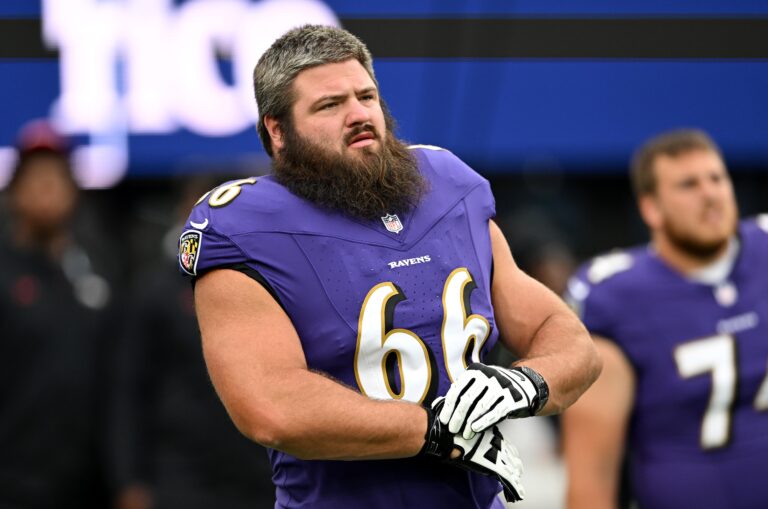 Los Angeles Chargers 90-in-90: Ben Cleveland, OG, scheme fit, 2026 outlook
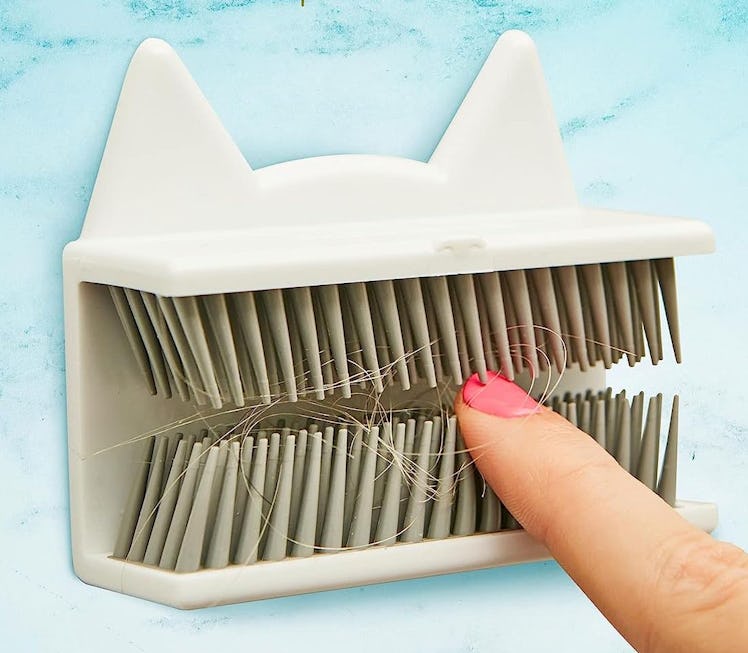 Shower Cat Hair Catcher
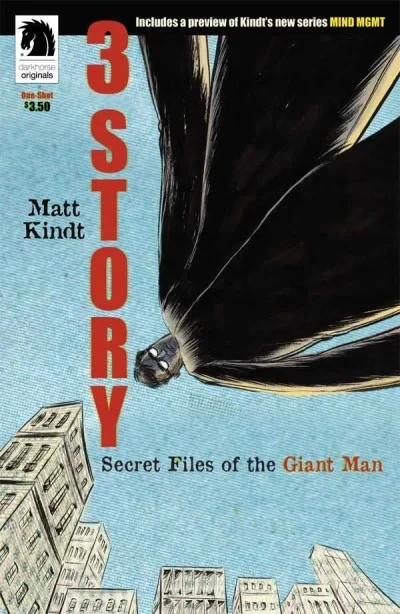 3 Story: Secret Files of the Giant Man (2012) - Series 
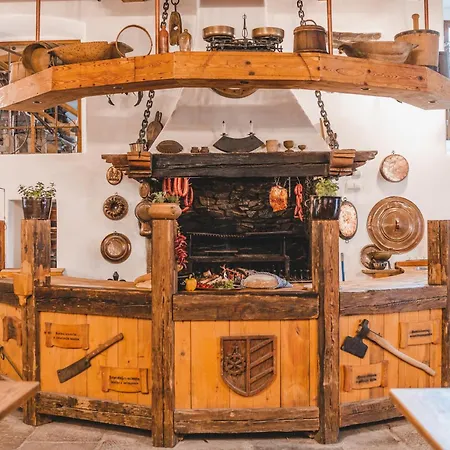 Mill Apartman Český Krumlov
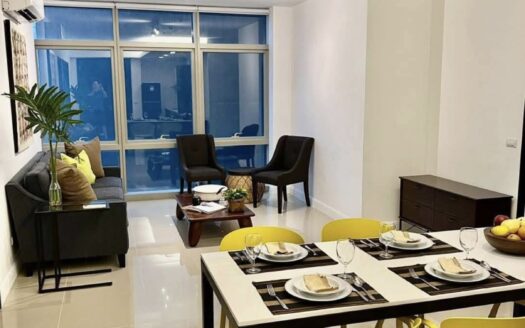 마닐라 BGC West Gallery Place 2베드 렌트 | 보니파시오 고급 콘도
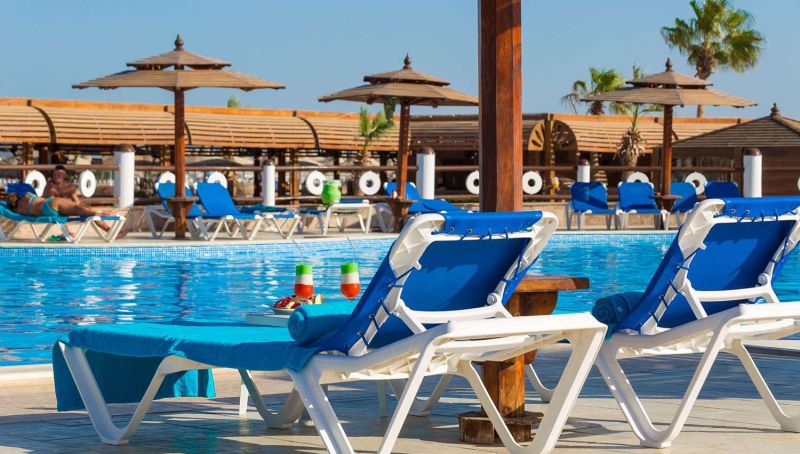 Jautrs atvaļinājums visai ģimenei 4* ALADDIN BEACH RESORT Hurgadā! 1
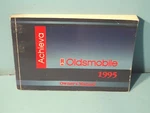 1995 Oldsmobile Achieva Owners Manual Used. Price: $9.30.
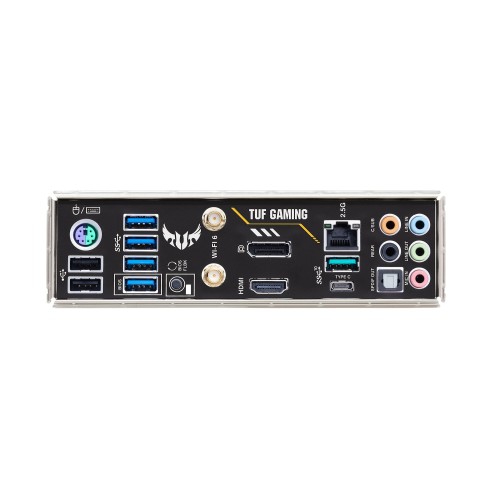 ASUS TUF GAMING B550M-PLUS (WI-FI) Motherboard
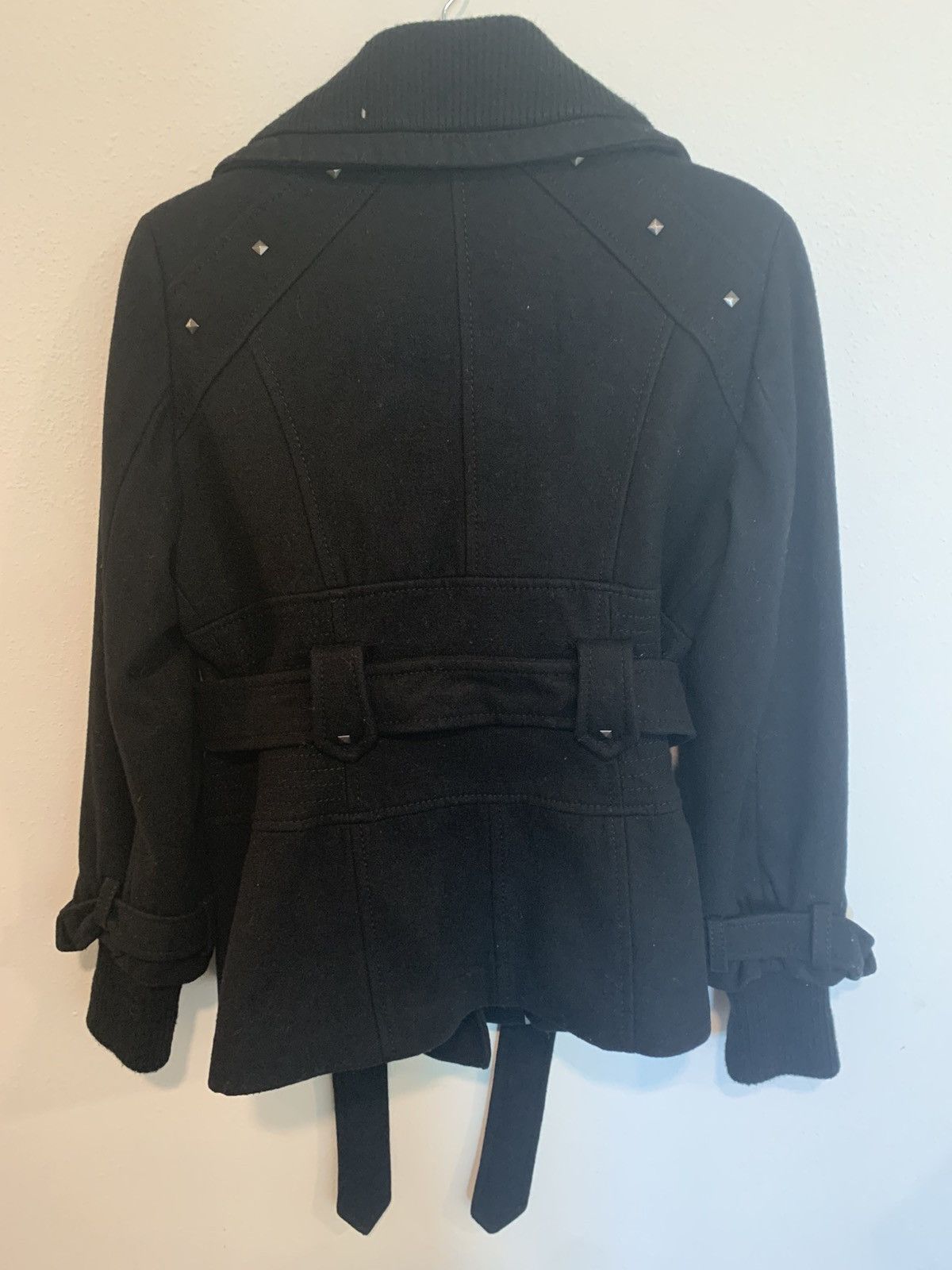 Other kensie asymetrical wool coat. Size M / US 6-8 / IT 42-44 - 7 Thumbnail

========

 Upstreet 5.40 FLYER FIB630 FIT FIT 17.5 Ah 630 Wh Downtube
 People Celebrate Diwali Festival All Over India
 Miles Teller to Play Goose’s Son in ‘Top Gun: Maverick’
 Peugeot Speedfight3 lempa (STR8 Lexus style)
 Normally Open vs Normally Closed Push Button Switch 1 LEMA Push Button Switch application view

========

» TASK GOAL: Pictures aside, print exactly the lines above starting with the one containing "Los Angeles Chargers" and going on through the one containing "Other kensie asymetrical".

» OUTPUT OF THE TASK:
 Los Angeles Chargers 90-in-90: Ben Cleveland, OG, scheme fit, 2026 outlook
 Shower Cat Hair Catcher
 3 Story: Secret Files of the Giant Man (2012) - Series 
 Mill Apartman Český Krumlov
 마닐라 BGC West Gallery Place 2베드 렌트 | 보니파시오 고급 콘도
 Jautrs atvaļinājums visai ģimenei 4* ALADDIN BEACH RESORT Hurgadā! 1
 1995 Oldsmobile Achieva Owners Manual Used. Price: $9.30.
 ASUS TUF GAMING B550M-PLUS (WI-FI) Motherboard
 Other kensie asymetrical wool coat. Size M / US 6-8 / IT 42-44 - 7 Thumbnail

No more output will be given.